[RESPONDED] 1TB expansion card disconnects randomly

After weeks of not really having an issue, I just had what I might call an extreme version of it.

Specifically, I went to reboot the machine, and suddenly, the expansion drive was not visible even to the BIOS!!!

As far as I can tell the only answer to “how did I fix it” was “voodoo”. I threatened it with a dead chicken and the next time it rebooted, the drive was visible again.

This is the first time I can think of, though, where the drive refused to connect right from the start.

This problem certainly reaches the level of mysticism for me. For instance, here’s a setup I’ve found where the drive never disconnects (at least for the last month of connecting it this way):

However, when I try a shorter USB-C cable, it disconnects all of the time. In fact, when it disconnected yesterday, it wouldn’t automatically reconnect. Instead there were the following errors in the Event Log and Device Manager, and I had to reboot to fix it:

Event Log Error: Windows failed to start the USB xHCI Compliant Host Controller for the following reason: Controller reset timed out. Check with your computer manufacturer for an updated firmware for the controller.

Device Manager Error on the first of the two “Intel (R) USB 3.10 eXtensible Host Controller - 1.20 (Microsoft)” Universal Serial Bus Controllers: Windows has stopped this device because it has reported problems (Code 43).

I have a USB-A drive which disconnects frequently on the right hand side USB-A port (like when I’m backing up the computer). The left port seems more solid, except the only way to get the drive to show up in the left USB-A port is to plug it in halfway, wait for Windows to recognize it, and then I can plug it in all of the way. This has nothing to do with the USB-A cards, as I can swap them around without changing how each side behaves.

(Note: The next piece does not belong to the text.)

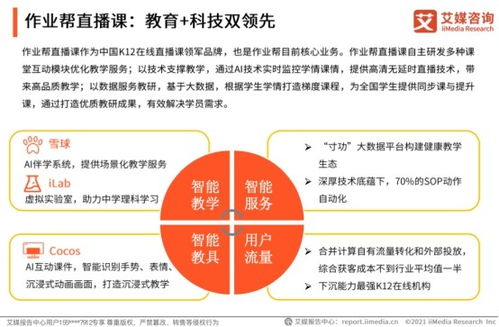 作業(yè)幫高質(zhì)量教學(xué)服務(wù)推進教育普惠 2020中國K12在線教育行業(yè)洞察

I do a little experimenting every day. For instance, now I’m attempting to plug the USB-A drive in on the right hand side halfway (even though I don’t need to), and it seems more stable. Of course, given how flaky the patterns are, I could find any number of patterns involving what shirt I wear or dances I perform while plugging devices in.

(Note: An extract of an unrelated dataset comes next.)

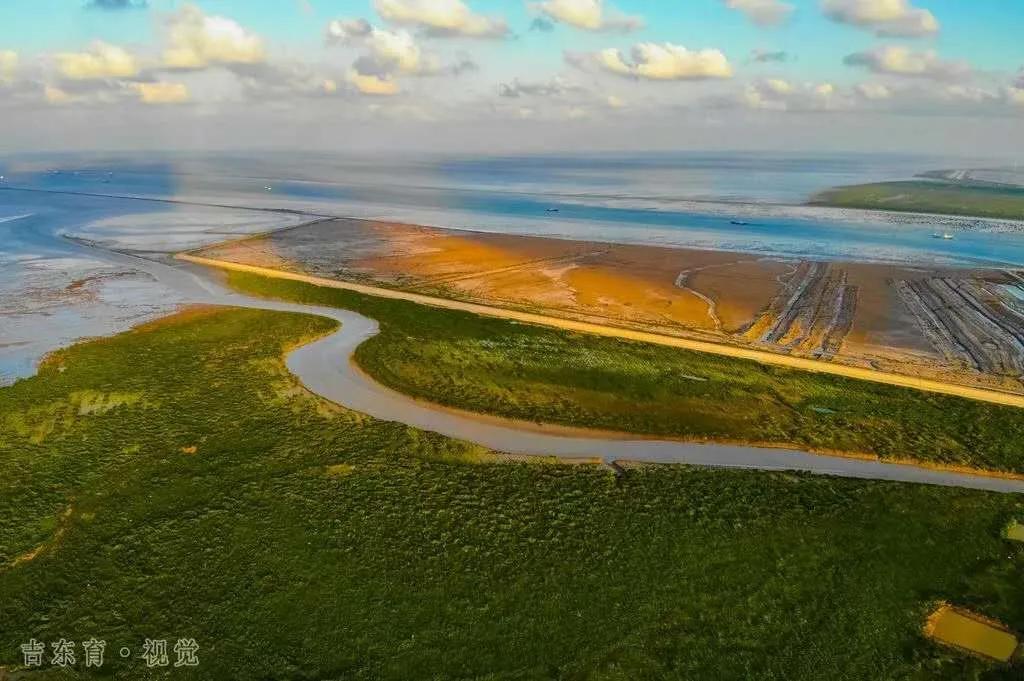 射阳现代化农业,围观现代化农村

I have already replaced the mainboard and the 1 TB card and sent the old ones back to Framework. I don’t know if they’ve been able to reproduce the problems on their end, but it would be interesting to know if they couldn’t reproduce the disconnect on a Windows 10 machine using my old Mainboard and 1 TB card. If they can’t, then maybe it’s purely a software problem (or something to do with the negative vibes in my apartment).

Some new anecdata:

For the most part, once I’m booted off of /dev/sda (aka the 1TB expansion module), it works without a hitch.

Occasionally, though—usually after I’ve done an update, but sometimes if I’m rebooting for other reasons—the Framework (11th Gen Core i7, latest BIOS) refuses to see the module, right from the get go. BIOS doesn’t see it as a device, let alone a bootable drive.

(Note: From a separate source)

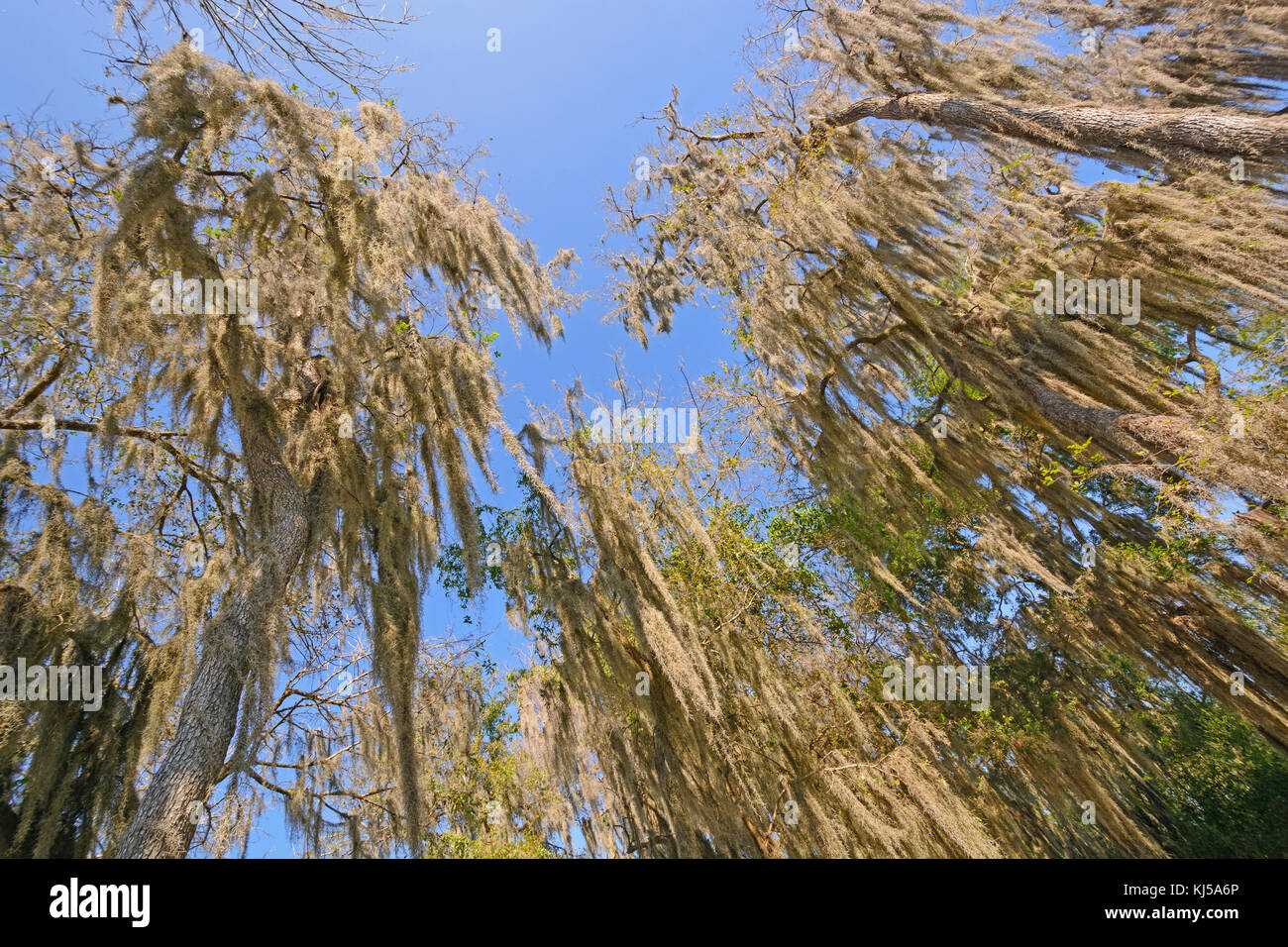 Looking up into the Spanish Moss of the Santa Ana Wildlife Refuge in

The most recent time that happened, simply popping the module out and re-seating made no difference. It was stubbornly being ignored. I wound up swapping it out of the front-left bay to the back-left bay, mostly on a lark.

That worked.

Of course, it could be coincidence. One way or another, there is DEFINITELY something weird and I’m pretty sure it’s a hardware problem, or else a deep firmware problem.

I’m surprised this hasn’t been brought up here yet, however this could be due to the card not responding correctly or fast enough to UAS commands on Linux (not sure about Windows). For Linux specifically, this may be solved with the following added to the boot command line in grub (GRUB_CMDLINE_LINUX or GRUB_CMDLINE_LINUX_DEFUALT):

usb-storage.quirks=13fe:6500:u

That will disable UAS, which may sacrifice a bit of speed but should be much more stable. I personally have random disconnect issues on various machines with various external NVME adapters and this fixes it for all of them.

Note that this is specifically for the card the OP used as the usb vendor and product ID was pulled from the dmesg output they provided. If this is needed for another adapter/card you may need to change the “13fe:6500” part with the information from dmesg that looks like this:

[<    0.017413>] usb 2-2: New USB device found, idVendor=13fe, idProduct=6500, bcdDevice= 1.10
3 Likes

As I understand it, this is a kernel-level issue. As described above, I occasionally “lose sight” of the drive at the BIOS level, suggesting that it is not an operating system issue at all!

Will this work if the USB drive is the boot drive?

It should work for boot drives as well.

I have some new actual evidence.

After my machine ran itself a bit hot (pipewire went haywire, still not sure why), I shut down, waited a few seconds, and then rebooted, resulting in the errors below and a drop into emergency mode. So, it found the drive, booted it, but then lost it again. Below is the photograph I managed to take of the screen at the time.

After shutting down again, and waiting a couple of minutes for it to cool down, I was able to boot normally.

We recommend using this for as a media or backup drive, not as a boot drive.

1 Like

PSA - this is to be used as a media drive or a backup drive (TimeShift or Deja Dup or Rsync from the CLI. Don’t use this as an install drive please. it’s USB and not likely to be a good time.

1 Like

Except for the disconnect issues, speed has actually not been a problem at all. It ought to be a perfectly fine boot drive, honestly…except that the USB is not reliable!

And…here’s the thing.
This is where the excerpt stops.